§ **Source data**:

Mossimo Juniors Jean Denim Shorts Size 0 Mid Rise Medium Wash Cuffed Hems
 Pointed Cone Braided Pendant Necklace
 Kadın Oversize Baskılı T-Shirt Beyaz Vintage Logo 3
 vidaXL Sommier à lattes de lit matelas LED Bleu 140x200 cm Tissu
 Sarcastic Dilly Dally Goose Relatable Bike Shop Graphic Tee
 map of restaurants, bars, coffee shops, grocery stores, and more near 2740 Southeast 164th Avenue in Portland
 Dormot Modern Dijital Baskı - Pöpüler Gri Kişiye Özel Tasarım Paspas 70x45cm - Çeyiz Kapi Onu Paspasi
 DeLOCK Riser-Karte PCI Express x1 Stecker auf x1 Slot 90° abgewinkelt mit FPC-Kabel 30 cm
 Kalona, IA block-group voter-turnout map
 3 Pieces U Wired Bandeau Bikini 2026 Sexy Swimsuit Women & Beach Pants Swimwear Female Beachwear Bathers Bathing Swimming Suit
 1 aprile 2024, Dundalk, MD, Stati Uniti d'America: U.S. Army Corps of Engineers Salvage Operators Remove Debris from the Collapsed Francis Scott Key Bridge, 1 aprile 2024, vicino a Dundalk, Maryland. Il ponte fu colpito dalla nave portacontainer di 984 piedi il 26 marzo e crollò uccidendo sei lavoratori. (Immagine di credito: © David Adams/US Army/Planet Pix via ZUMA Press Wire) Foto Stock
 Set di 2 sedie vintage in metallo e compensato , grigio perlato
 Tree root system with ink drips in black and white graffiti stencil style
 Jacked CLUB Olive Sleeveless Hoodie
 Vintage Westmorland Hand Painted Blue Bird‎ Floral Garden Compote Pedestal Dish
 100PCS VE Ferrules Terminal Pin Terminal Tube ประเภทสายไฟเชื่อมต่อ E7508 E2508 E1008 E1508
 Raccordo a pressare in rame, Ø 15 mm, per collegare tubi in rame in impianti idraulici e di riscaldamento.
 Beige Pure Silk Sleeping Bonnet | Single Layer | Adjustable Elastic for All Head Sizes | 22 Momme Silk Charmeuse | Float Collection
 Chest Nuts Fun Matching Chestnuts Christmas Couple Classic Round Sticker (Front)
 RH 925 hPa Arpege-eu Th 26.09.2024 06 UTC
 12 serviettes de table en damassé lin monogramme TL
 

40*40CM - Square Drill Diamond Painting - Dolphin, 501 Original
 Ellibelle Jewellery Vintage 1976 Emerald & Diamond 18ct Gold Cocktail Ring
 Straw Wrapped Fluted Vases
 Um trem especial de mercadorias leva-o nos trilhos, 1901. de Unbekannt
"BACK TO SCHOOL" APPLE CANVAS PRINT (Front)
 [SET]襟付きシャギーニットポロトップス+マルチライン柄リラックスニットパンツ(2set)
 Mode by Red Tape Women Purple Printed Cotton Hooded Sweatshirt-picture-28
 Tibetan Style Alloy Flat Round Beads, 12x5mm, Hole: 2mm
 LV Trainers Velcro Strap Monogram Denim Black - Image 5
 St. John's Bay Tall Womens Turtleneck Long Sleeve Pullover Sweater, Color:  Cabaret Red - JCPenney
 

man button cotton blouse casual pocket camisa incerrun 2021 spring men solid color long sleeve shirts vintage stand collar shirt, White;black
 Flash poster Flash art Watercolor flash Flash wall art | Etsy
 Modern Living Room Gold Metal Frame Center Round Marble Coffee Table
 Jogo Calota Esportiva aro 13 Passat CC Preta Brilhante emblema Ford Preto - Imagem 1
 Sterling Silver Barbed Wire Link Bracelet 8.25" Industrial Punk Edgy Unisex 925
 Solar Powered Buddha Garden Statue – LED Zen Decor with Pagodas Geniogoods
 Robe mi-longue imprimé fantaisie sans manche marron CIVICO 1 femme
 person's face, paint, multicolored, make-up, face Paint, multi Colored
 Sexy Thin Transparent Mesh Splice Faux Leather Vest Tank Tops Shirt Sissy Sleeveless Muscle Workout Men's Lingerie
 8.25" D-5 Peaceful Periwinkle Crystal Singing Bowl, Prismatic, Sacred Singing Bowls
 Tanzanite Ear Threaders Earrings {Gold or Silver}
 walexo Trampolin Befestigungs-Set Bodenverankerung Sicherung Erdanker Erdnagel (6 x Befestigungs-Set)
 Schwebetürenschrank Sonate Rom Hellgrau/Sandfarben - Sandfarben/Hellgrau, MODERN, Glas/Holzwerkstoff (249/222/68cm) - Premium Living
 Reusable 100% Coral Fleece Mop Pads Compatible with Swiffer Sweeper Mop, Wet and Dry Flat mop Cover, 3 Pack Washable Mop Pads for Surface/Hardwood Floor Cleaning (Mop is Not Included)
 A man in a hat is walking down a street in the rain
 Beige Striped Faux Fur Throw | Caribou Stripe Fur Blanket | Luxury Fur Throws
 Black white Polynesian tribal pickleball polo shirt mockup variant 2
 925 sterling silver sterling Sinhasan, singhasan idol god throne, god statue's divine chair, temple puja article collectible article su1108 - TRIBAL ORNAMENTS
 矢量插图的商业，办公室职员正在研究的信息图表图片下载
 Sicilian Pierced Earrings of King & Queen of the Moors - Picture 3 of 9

§ **To do**: Reproduce exactly the lines of the records above from the one with "LV Trainers Velcro" to the one with "walexo Trampolin Befestigungs-Set", both included, and leave out everything else.

§ **The answer**:
 LV Trainers Velcro Strap Monogram Denim Black - Image 5
 St. John's Bay Tall Womens Turtleneck Long Sleeve Pullover Sweater, Color:  Cabaret Red - JCPenney
 

man button cotton blouse casual pocket camisa incerrun 2021 spring men solid color long sleeve shirts vintage stand collar shirt, White;black
 Flash poster Flash art Watercolor flash Flash wall art | Etsy
 Modern Living Room Gold Metal Frame Center Round Marble Coffee Table
 Jogo Calota Esportiva aro 13 Passat CC Preta Brilhante emblema Ford Preto - Imagem 1
 Sterling Silver Barbed Wire Link Bracelet 8.25" Industrial Punk Edgy Unisex 925
 Solar Powered Buddha Garden Statue – LED Zen Decor with Pagodas Geniogoods
 Robe mi-longue imprimé fantaisie sans manche marron CIVICO 1 femme
 person's face, paint, multicolored, make-up, face Paint, multi Colored
 Sexy Thin Transparent Mesh Splice Faux Leather Vest Tank Tops Shirt Sissy Sleeveless Muscle Workout Men's Lingerie
 8.25" D-5 Peaceful Periwinkle Crystal Singing Bowl, Prismatic, Sacred Singing Bowls
 Tanzanite Ear Threaders Earrings {Gold or Silver}
 walexo Trampolin Befestigungs-Set Bodenverankerung Sicherung Erdanker Erdnagel (6 x Befestigungs-Set)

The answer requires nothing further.